This Week in AI: Let us not forget the humble data annotator

Introduction

Keeping up with an industry as fast-moving as AI is a tall order. So until an AI can do it for you, here’s a handy roundup of recent stories in the world of machine learning, along with notable research and experiments we didn’t cover on their own.

Labeling and Annotation Startups in the AI Industry

This week in AI, I’d like to turn the spotlight on labeling and annotation startups — startups like Scale AI, which is reportedly in talks to raise new funds at a $13 billion valuation. Labeling and annotation platforms might not get the attention flashy new generative AI models like OpenAI’s Sora do. But they’re essential. Without them, modern AI models arguably wouldn’t exist.

The Importance of Data Annotation in AI Training

The data on which many models train has to be labeled. Why? Labels, or tags, help the models understand and interpret data during the training process. For example, labels to train an image recognition model might take the form of markings around objects, “bounding boxes” or captions referring to each person, place or object depicted in an image.

Challenges Faced by Data Annotators

The accuracy and quality of labels significantly impact the performance — and reliability — of the trained models. And annotation is a vast undertaking, requiring thousands to millions of labels for the larger and more sophisticated data sets in use.

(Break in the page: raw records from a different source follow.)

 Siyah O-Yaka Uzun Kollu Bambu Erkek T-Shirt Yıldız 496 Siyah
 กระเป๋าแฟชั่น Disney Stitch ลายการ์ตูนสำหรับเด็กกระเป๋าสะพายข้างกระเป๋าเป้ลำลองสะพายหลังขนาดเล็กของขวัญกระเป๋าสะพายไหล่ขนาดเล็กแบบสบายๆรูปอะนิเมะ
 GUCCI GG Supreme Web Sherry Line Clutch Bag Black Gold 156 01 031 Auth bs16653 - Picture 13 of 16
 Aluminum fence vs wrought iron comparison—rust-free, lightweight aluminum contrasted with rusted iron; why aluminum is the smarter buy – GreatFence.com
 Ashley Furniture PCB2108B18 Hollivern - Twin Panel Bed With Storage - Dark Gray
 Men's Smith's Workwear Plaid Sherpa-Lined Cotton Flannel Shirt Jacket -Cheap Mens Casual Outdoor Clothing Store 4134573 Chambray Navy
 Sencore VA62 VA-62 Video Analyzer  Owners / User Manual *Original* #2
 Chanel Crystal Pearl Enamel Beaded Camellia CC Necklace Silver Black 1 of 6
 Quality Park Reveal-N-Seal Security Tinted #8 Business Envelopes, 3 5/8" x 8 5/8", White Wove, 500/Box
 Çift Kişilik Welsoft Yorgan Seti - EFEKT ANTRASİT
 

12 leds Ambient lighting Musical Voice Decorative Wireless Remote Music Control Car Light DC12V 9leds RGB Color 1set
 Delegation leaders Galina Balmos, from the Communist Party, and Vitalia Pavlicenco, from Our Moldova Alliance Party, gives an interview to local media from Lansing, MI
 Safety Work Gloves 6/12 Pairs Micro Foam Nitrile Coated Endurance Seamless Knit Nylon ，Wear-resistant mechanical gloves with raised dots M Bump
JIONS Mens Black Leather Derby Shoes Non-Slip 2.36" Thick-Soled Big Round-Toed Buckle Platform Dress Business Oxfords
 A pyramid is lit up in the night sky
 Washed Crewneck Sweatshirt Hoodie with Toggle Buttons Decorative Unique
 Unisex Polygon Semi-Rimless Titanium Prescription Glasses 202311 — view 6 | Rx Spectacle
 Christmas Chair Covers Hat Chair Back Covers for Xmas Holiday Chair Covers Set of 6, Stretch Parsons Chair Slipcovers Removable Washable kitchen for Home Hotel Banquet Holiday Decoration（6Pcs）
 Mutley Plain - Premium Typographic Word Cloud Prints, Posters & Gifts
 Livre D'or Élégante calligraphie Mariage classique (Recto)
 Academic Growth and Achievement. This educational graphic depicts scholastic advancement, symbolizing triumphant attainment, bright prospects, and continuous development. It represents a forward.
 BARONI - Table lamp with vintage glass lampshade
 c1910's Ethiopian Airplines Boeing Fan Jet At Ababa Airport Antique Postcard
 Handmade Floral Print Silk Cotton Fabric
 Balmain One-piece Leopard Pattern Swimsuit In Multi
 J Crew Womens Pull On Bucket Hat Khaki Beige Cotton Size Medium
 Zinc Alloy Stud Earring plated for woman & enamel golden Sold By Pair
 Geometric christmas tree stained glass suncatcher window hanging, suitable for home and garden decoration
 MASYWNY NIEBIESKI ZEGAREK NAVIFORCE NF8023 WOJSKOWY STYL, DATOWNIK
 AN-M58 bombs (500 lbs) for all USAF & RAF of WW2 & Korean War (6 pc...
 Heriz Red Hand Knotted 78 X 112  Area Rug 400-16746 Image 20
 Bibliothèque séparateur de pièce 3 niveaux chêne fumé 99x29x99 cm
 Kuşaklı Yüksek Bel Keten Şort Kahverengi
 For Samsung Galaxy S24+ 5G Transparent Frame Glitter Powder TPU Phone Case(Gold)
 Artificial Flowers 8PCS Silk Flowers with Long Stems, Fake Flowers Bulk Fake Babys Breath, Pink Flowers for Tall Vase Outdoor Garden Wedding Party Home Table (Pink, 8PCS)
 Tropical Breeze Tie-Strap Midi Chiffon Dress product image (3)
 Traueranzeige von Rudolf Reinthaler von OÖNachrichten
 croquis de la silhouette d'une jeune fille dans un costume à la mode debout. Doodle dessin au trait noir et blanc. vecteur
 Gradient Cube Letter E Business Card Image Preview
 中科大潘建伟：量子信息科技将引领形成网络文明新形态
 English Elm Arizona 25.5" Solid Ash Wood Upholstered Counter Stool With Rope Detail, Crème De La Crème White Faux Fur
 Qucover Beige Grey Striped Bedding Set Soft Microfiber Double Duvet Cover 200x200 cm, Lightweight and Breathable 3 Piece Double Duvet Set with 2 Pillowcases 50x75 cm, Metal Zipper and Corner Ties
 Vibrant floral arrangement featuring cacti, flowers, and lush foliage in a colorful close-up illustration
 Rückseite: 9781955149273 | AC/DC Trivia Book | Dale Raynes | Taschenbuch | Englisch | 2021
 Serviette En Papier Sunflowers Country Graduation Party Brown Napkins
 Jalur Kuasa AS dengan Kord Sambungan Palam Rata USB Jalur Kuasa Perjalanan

Ethical Concerns in Annotation and Labeling Industry

So you’d think data annotators would be treated well, paid living wages and given the same benefits that the engineers building the models themselves enjoy. But often, the opposite is true — a product of the brutal working conditions that many annotation and labeling startups foster.

AI Stories of Note

Here are some other AI stories of note from the past few days:

- OpenAI builds a voice cloner: OpenAI is previewing a new AI-powered tool it developed, Voice Engine, that enables users to clone a voice from a 15-second recording of someone speaking. But the company is choosing not to release it widely (yet), citing risks of misuse and abuse.
- Amazon doubles down on Anthropic: Amazon has invested a further $2.75 billion in growing AI power Anthropic, following through on the option it left open last September.
- … (More AI stories listed here)

More Machine Learnings

How’s the weather? AI is increasingly able to tell you this. I noted a few efforts in hourly, weekly, and century-scale forecasting a few months ago, but like all things AI, the field is moving fast.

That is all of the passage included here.